法国比较文学学者艾田伯在《比较不是理由:比较文学的危机》中谈道:将两种自认为是敌对实际上是互补的研究方法——历史的探究和美学的沉思——结合起来,比较文学必然走向比较诗学。中西比较诗学在美学与历史二维研究视域融合下,成为当代国内学者和海外汉学家研究的重心。刘若愚的世界文学理论架构和叶维廉对中国美学的独特阐释,是两者诗学体系建构的标志性贡献。我国最早的比较诗学源于20世纪30年代,从《人间词话》《谈艺录》到《诗论》,在王国维、钱钟书、李泽厚、梁宗岱、宗白华等学者推动下成为显学。80年代,与夏志清齐名的刘若愚撰写《中国诗学》与《中国文学理论》以海外汉学家的视角重构中国诗学体系被学界广泛关注。1984年叶维廉出版以“比较诗学”为题的论文集,正式命名“比较诗学”这个术语,希冀探求跨文化与国界的普遍性的同质的文学与美学规律,开启中国诗学现代征程,其后吸引大批学者如曹顺庆、乐黛云、张隆溪、袁鹤翔和闫月珍等,他们在英美新批评、现象学美学、结构主义、后结构主义、原型批评等西学理论基础上对中国诗学展开现代阐释。

一、同质的西学基石

刘若愚《中国文学理论》《中国诗学》和叶维廉《中国诗学》都不约而同地运用西学理论资源来建构中国诗学体系。刘若愚在《中国文学理论》中改造艾伯拉姆斯《镜与灯——浪漫主义文论及批评传统》[1]的“世界、作品、艺术家、欣赏者”四要素理论来设置中国古代文论的架构,将之分列为“形上理论、决定理论、表现理论、技巧理论、审美理论和实用理论”。叶维廉则改造了诠释学模式,认为中国诗歌的鉴赏更应该被理解为是一种“传释学”活动:“我们不用‘诠释’二字,而用‘传释’,是因为‘诠释’从读者的角度出发去了解一篇作品,未兼顾到作者通过作品传意、读者通过作品释意这两轴之间所存在着的种种微妙的问题,如两轴所引起的活动之间无可避免的差距,如‘作者原意’、‘标准诠释’之难以确立,如读者对象的虚虚实实,如意义由体制化到解体到重组到复音的交错离合生长等等。我们要探讨的,即是作者传意、读者释意这既合且分、既分且合的整体活动。”[2]朱立元在《接受美学导论》中将以作者和读者关系为对象的接受美学视角的思想追溯到三个源头,“文学形式与审美标准在形式中演进(从新批评与俄国形式主义到布拉格结构主义);艺术作品的‘不确定域’与读者的‘具体化’和‘重建’(英伽登现象学美学);理解和阐释的本体论(从海德格尔到伽达默尔的阐释学)”[3]。因此新批评、现象学和诠释学成为两位学者共有的西学理论资源。

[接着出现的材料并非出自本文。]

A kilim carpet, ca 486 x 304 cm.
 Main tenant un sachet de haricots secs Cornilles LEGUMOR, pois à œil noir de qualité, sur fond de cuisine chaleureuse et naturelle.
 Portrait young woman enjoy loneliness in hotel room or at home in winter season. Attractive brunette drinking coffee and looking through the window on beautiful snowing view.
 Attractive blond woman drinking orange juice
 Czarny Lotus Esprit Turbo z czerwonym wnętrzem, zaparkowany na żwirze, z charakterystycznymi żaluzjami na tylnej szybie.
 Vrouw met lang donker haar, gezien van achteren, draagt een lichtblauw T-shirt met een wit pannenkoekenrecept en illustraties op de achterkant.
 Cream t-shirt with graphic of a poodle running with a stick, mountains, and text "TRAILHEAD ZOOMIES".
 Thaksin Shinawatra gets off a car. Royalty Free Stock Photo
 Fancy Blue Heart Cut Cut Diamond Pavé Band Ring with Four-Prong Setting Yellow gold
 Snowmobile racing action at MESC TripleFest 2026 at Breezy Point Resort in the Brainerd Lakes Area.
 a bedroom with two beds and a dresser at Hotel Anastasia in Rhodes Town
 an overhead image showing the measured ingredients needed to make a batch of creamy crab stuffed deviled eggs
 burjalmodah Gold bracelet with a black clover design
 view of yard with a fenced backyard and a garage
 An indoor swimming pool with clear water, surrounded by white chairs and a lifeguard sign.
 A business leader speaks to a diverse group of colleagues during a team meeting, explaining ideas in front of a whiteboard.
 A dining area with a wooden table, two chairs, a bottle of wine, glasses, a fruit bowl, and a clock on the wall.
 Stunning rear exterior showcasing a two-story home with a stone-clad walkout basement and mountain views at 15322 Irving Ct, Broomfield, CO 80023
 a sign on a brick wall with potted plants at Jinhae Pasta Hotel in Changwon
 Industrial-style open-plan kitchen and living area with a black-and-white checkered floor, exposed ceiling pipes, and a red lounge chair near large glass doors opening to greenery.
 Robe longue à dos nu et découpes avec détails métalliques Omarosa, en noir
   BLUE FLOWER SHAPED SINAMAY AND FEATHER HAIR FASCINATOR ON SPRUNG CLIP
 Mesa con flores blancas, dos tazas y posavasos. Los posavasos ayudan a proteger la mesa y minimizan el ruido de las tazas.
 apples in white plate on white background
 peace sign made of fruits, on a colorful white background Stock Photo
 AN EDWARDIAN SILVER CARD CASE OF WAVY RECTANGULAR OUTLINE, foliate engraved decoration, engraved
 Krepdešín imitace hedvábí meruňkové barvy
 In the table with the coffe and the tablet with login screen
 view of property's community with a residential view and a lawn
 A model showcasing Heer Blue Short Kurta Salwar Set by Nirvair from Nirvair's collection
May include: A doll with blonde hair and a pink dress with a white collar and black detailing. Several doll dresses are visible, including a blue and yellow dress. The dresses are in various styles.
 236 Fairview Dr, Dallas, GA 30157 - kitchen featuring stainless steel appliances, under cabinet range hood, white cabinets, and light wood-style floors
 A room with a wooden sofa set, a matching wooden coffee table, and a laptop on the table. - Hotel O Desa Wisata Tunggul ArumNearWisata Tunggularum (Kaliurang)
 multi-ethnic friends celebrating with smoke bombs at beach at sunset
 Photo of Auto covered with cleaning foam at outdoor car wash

“刘若愚在清华大学读研究生期间曾跟随英国新批评诗论家燕卜荪学习《复议七型》”[4],新批评细读理论对他产生深远影响。他认为古代诗歌以逐字逐句的细读方式探微汉语语法和结构特征,进而证实了汉语语言与英语语言的根本性差异是导致中西文论无法共通的根本性原因。《中国诗学》第一部分“汉语——诗歌表现的基础”[5]从汉字的结构、词与字的暗含意义及联想、汉语的音响效果以及诗词格律、诗歌语言的语法特征等方面体认汉语言诗歌精炼性词组的魅力。虽然刘若愚认为用细读方式来解读中国古诗会失去其优美的意境,仍需寻找一种体现中国诗学独特性审美魅力的阐释理论,但不可否认的是新批评在他的诗学研究中留下了极深的理论痕迹。叶维廉在台湾师大英语研究所硕士阶段专攻T. S.艾略特,发表《静止的中国花瓶——艾略特与中国诗的意象》《艾略特的批评》《〈艾略特方法论〉序说》《〈焚毁的诺墩〉之世界》等系列论文。他利用瑞恰兹、艾略特、庞德等人的理论,以“细读法”分析中国诗歌的语法和形式意义,“认为意象并发的唐诗与庞德、艾略特一派的英美现代诗歌和诗学在语言和美观经验上有着汇通之处”[6,p295],《中国古典诗与英美现代诗美感意识的汇通》一文详细地比较中国诗歌和英美诗歌的相似之处。闫月珍做了比较好的归纳,认为新批评对叶维廉的理论启示有以下五个方面:“第一,借鉴艾略特对中国诗歌语言特质的探寻;第二,借鉴庞德对中国诗歌意象并发特质的发掘;第三,借鉴兰塞姆对艺术形式自足特质的强调;第四,借助新批评对中国山水诗歌情感处理方式的剖析;第五,借鉴新批评对中国诗歌‘戏剧演出’即意象自由涌现的剖析。”[6,p327]由此可见,叶维廉对中国诗学的研究方式中处处透露着新批评的影子。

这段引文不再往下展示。